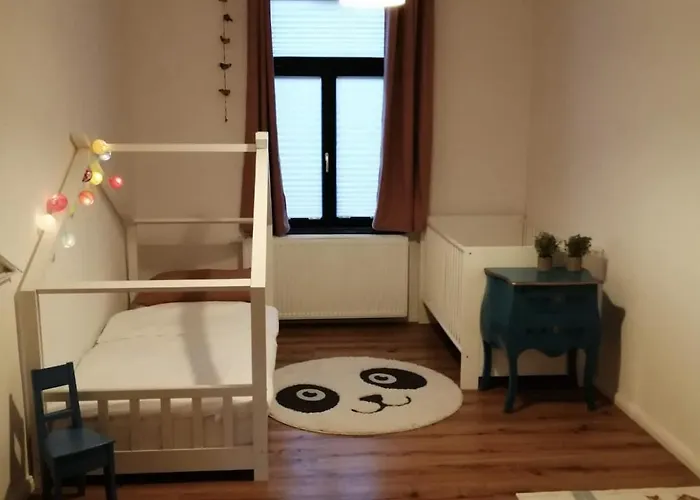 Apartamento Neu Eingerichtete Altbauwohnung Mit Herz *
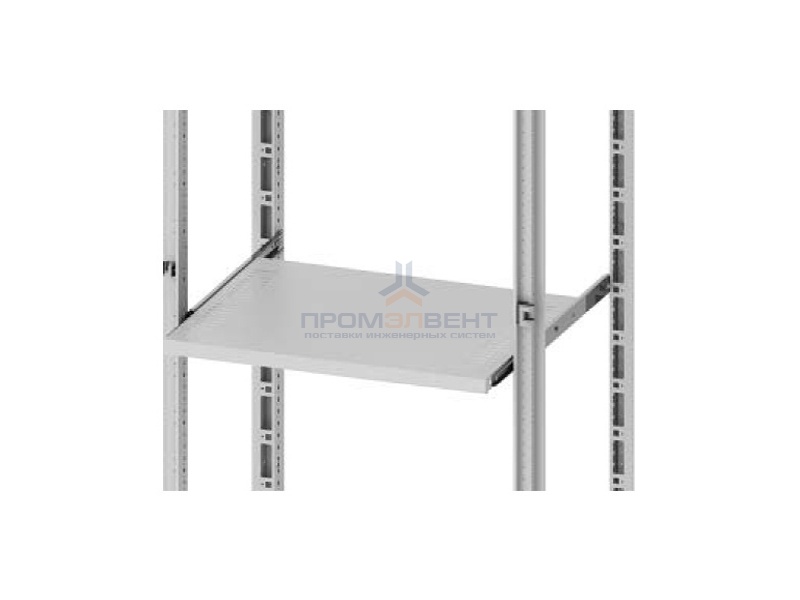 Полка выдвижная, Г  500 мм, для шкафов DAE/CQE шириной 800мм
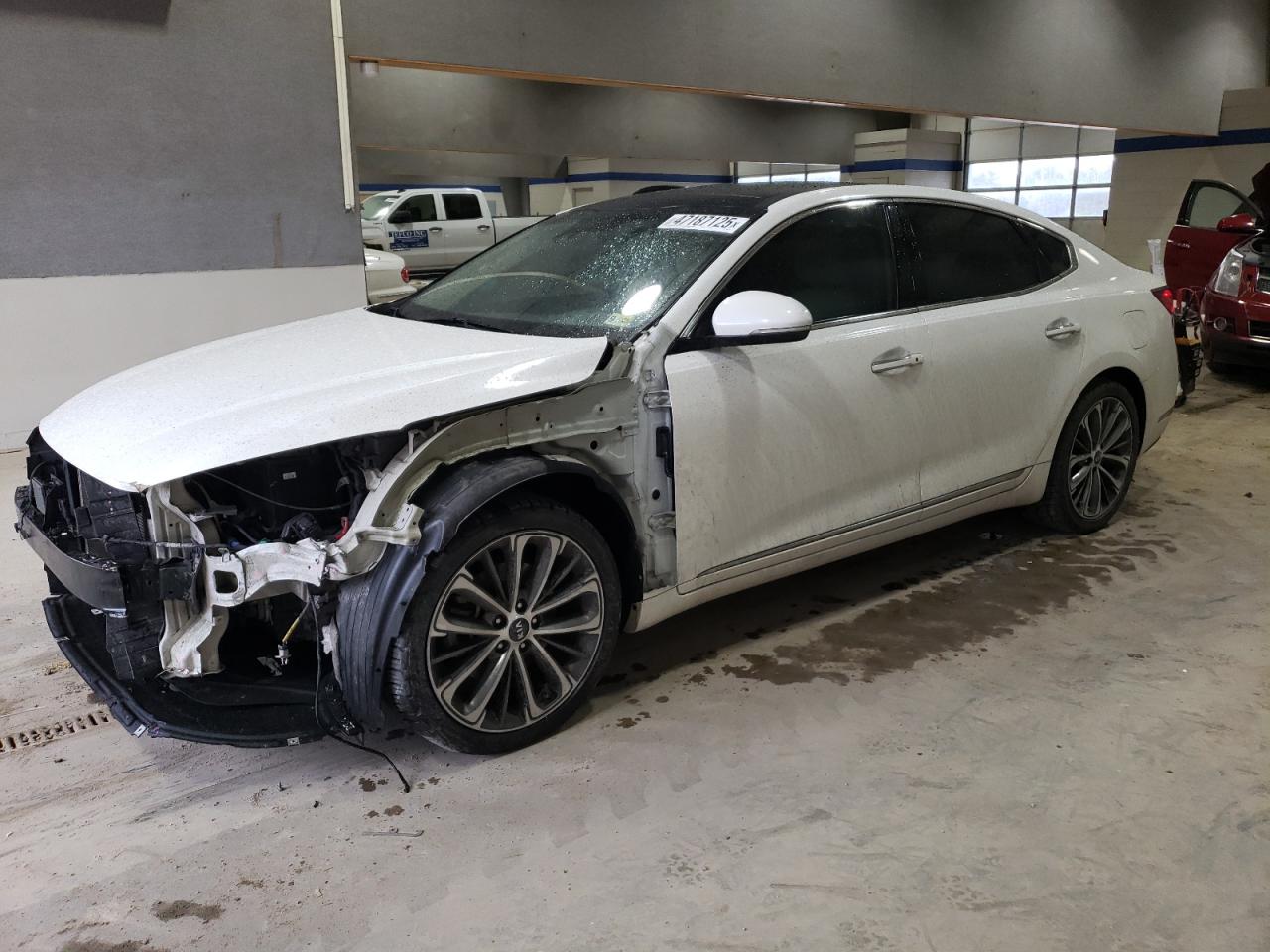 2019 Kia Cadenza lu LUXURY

==*==

TASK PROMPT ▸ Only the lines from the one containing "Полка выдвижная, Г" through the last line of the data above, both included, belong in the reply, each restated exactly and without pictures.

THE ANSWER ▸
 Полка выдвижная, Г  500 мм, для шкафов DAE/CQE шириной 800мм
 2019 Kia Cadenza lu LUXURY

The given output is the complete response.